Data from Tradeshift, the global network for digital trade, reveals that trade activity across retail, manufacturing and transport & logistics dropped sharply in Q3, as the volume of transactions between buyers and suppliers globally slowed for the third consecutive quarter.
According to Tradeshift’s Index of Global Trade Health, global supply chain activity fell by a further 5 points in Q3 compared to the baseline. New orders, in particular, are drying up at an accelerated rate as inflation-driven costs and global uncertainty mount.

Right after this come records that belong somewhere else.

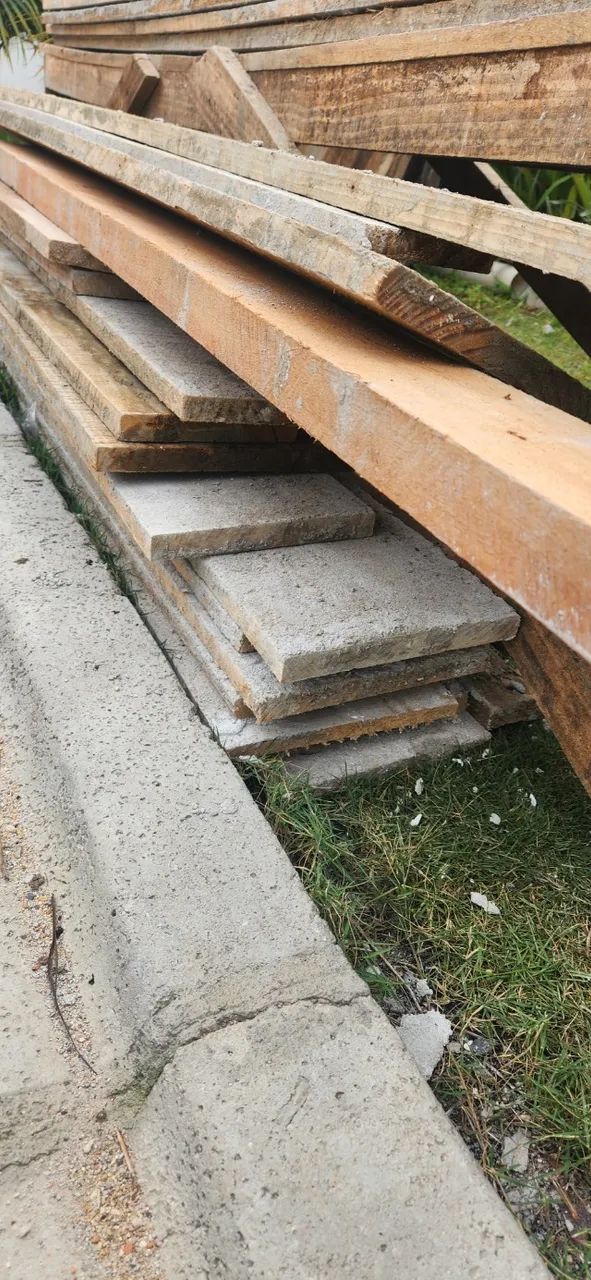 Tábuas para construção já usadas. 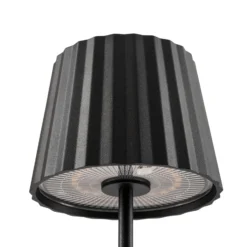 Lindby LED-akkukäyttöinen pöytävalaisin Esali, musta, metalli, IP65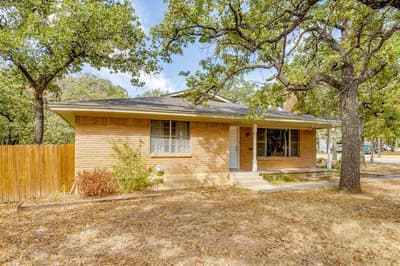 6200 Forest Hill Drive, Forest Hill TX 76119 - Photo 2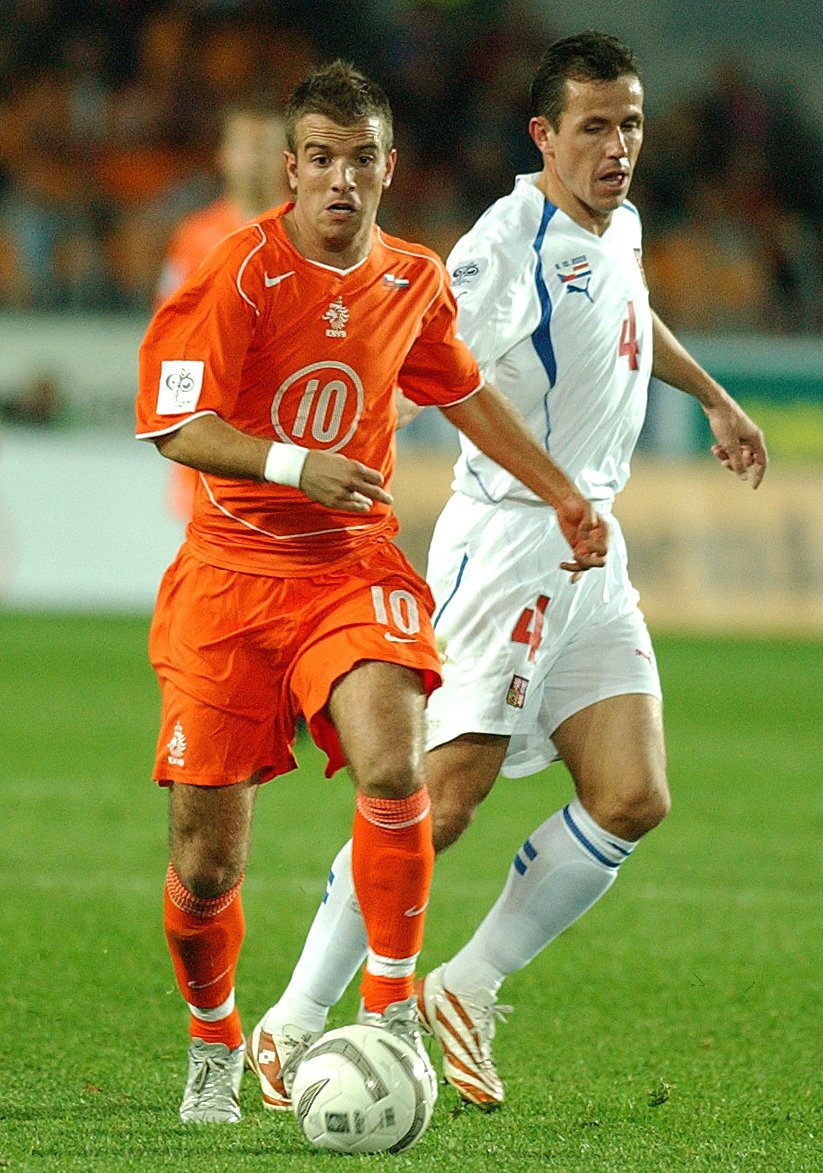 Tomáš Galásek (v bílém dresu) v utkání proti Nizozemsku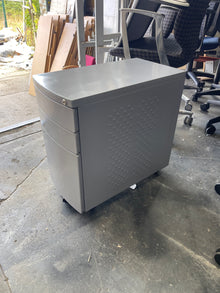 Metal under desk pedestal / Drawers image 3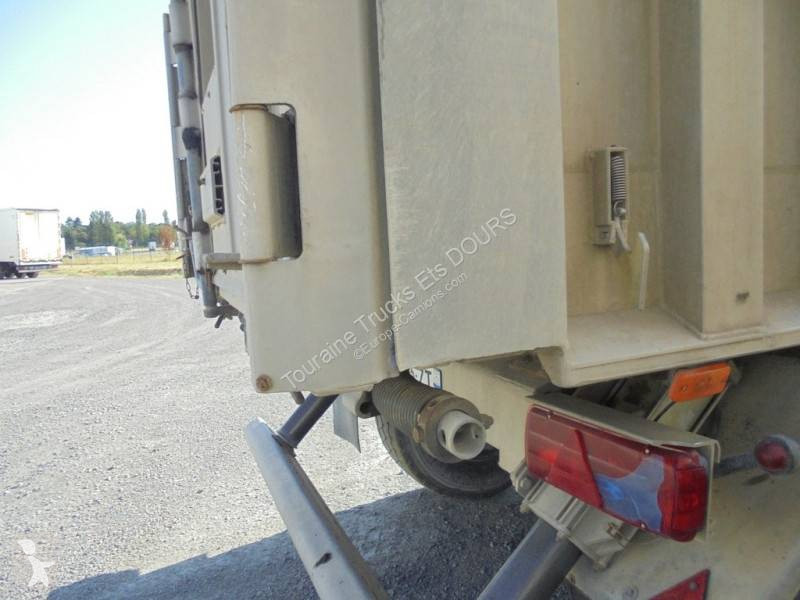 نصف مقطورة Benalu STANDARD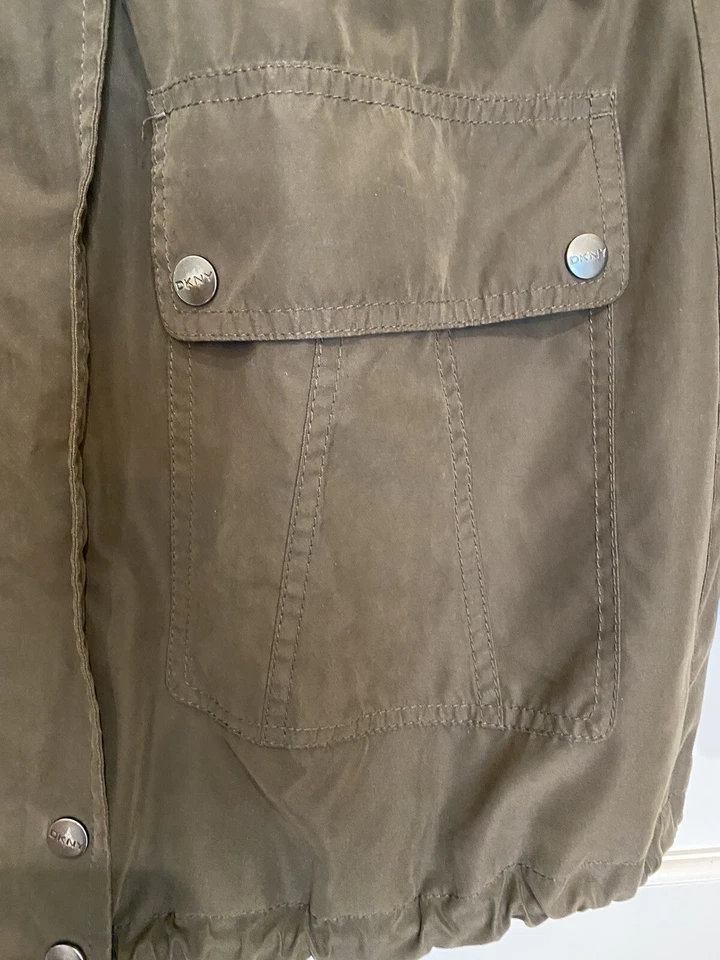 Chaqueta Parka DKNY Para Mujer Pequeña Resistente al Agua Con Capucha Línea Larga Cintura Ajustable Foto 3 de 4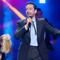 Luis Gerardo Méndez sorprende cantando en los Premios Platino (VIDEO)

Global order volumes dropped a further 7 points below expected levels in Q3 following a 6-point drop in the previous quarter, the most significant six-month fall since the height of the pandemic.
Manufacturing dropped 11 points below the expected range in Q3. Retail supply chain activity was 9 points below the baseline, the slowest growth in 18 months. Waning demand in these sectors is also leading to lower demand in the transport and logistics sector. Activity across the sector was 8 points lower than expected in Q3, the second consecutive quarter of declining growth.
“The good news is that supply chain bottlenecks are easing, and shipping costs are falling,” said Christian Lanng, CEO of Tradeshift. “The bad news is that this is largely a result of waning demand, and that trend now appears to be accelerating. This is particularly hard for smaller suppliers who have simply swapped pressure in one direction for an equally treacherous kind of pressure in the other direction. If suppliers get into financial difficulty and start to fold, we could start to see a repeat of the problems supply chains faced during the pandemic.”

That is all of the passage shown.